Interestingly, the answers to these questions are directly related to another common question I get from people in the space, "how do you make money?". I'm fortunate. I get to scale API Evangelist exactly as I see fit, because I get to choose who I take money from. All money has strings attached, and I want to make sure these strings lead me in positive directions, and never hold me back, or force me to make decisions that would be negative for the API space. This is something that is much easier to do in 2015, than it was in 2010, when I first started API Evangelist.

This leads me to yet another question I get from people, “how do I do what you do?”. A question which I do not have a good answer for. Honestly I do not fully understand how I got here, and not sure folks can deal with being as broke as I’ve been over the last five years, something that only recently has changed with the support of my partners, 3Scale, WSO2, and Restlet. I did not set out to build API Evangelist using a single plan, I’m making this shit up as I go along, and honestly I do not remember all the decisions I’ve made over the last five years, resulting in my current position.

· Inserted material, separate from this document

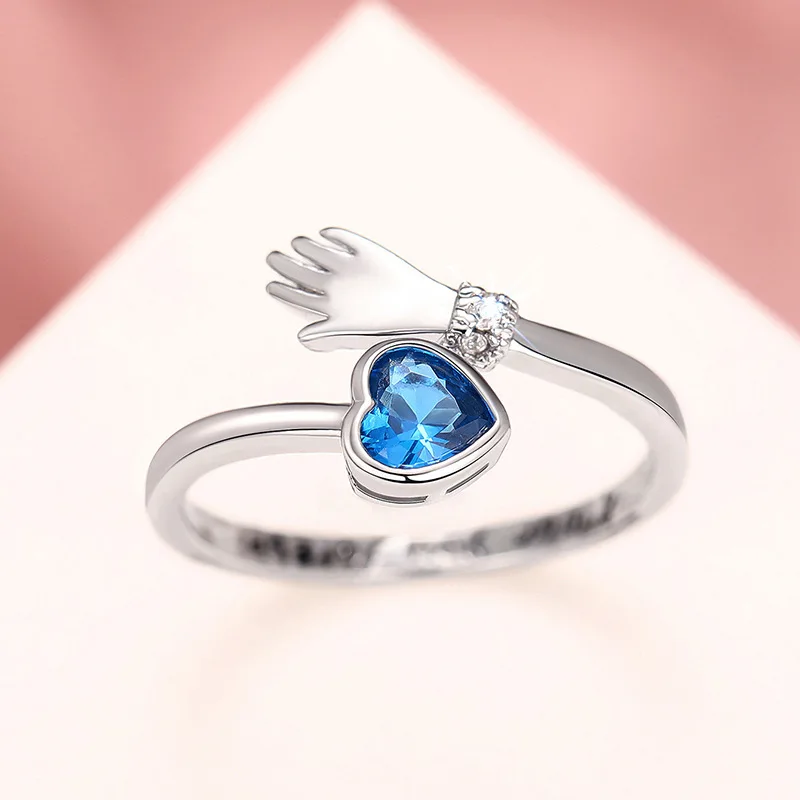 يمكن تعديل النسخة الكورية من الحلقة الملونة على شكل قلب مع فتحة أنثوية. إنها إكسسوار متخصص مع أزياء #4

So why am I rambling on about this? Because it brings home what scale actually means to me at API Evangelist. There is no scaling API Evangelist in a Silicon Valley VC sense. It isn’t something you can throw money at, come up with an algorithm, and grow. I’m obsessed with the API space, and the potential (good & bad) of APIs, which motivates me to read, hack, and tell stories that share my experiences—that is it. The only way to scale that is to incite others to embark on similar journeys, share the stories I’m telling, fork my code and projects, and hopefully begin developing their own stories, and tools, so that I can depend on them, in the same way.

I get a lot of people who engage me daily, and most of them want something from me. Some of these folks are on their own true API journey, sometimes running parallel to mine, but often times they are not, or maybe they are for just a short period of time. I just wrote about being Swagger.ed Last Week, and Now I’m Seeing Visualizations, showcasing Swagger driven API visualization work by Chris Spiliotopoulos (@chefArchitect), who fits into this story, because he is what I envision when it comes to scaling API Evangelist.

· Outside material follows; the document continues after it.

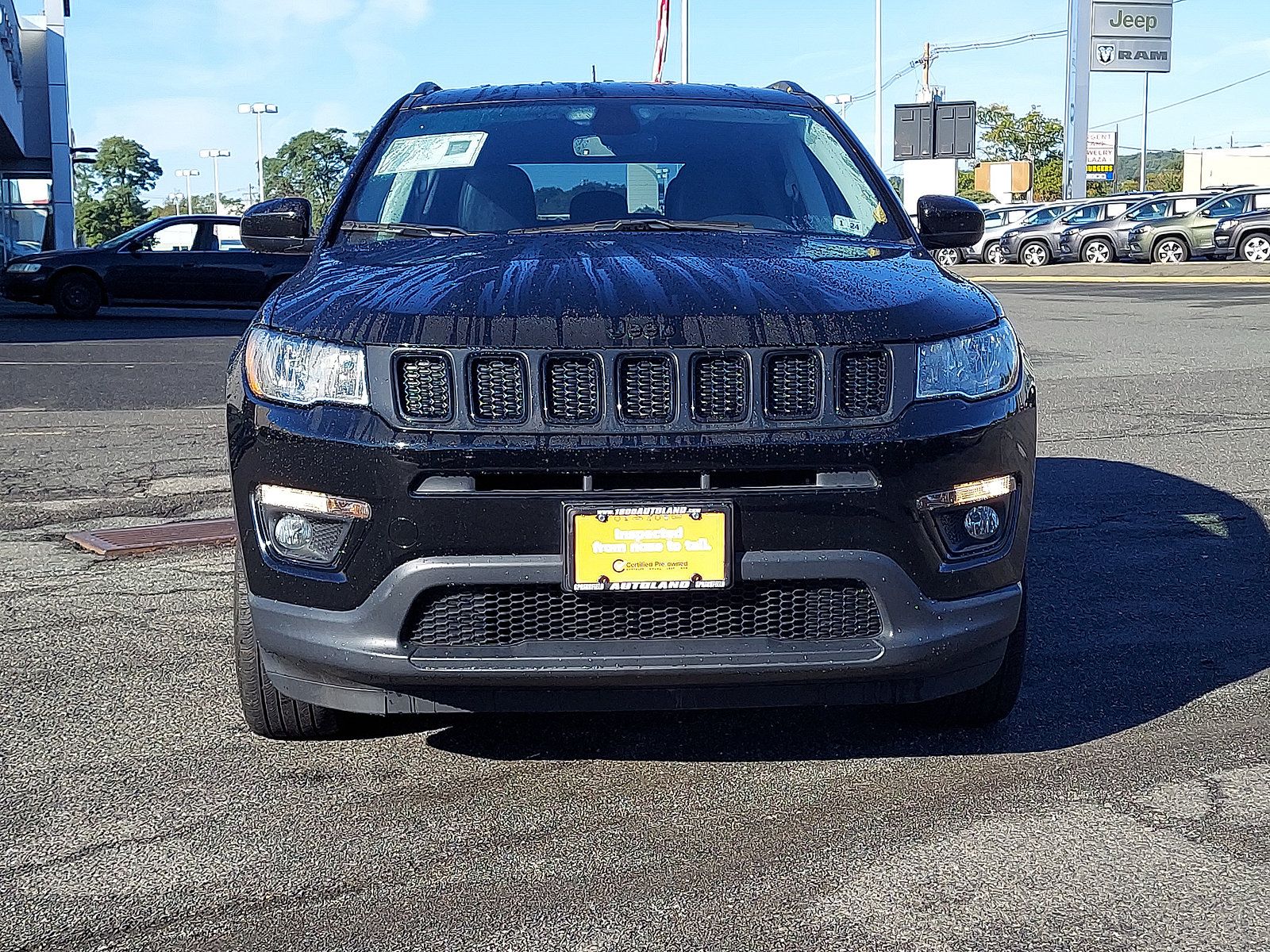 Used 2019 Jeep Compass Latitude AWD/4WD image 2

Chris has been in the shadows, reading my work, listening to my ideas, and internalizing them in his own world, then he works to find something he can contribute that doesn’t just augment my own ideas and work, but advances them forward, potentially delivering value for the entire API space. Chris doesn’t need anything from me. He is looking to find his own way, and add value in a way that matches his own skills, wherever he can, in a way that amplifies the overall value generated. I wish I could explain this type of scaling to everyone, but hopefully the handful of folks who actually get what I am rambling about, will step in an help me scale the API Evangelist network over the next five years--thanks Chris!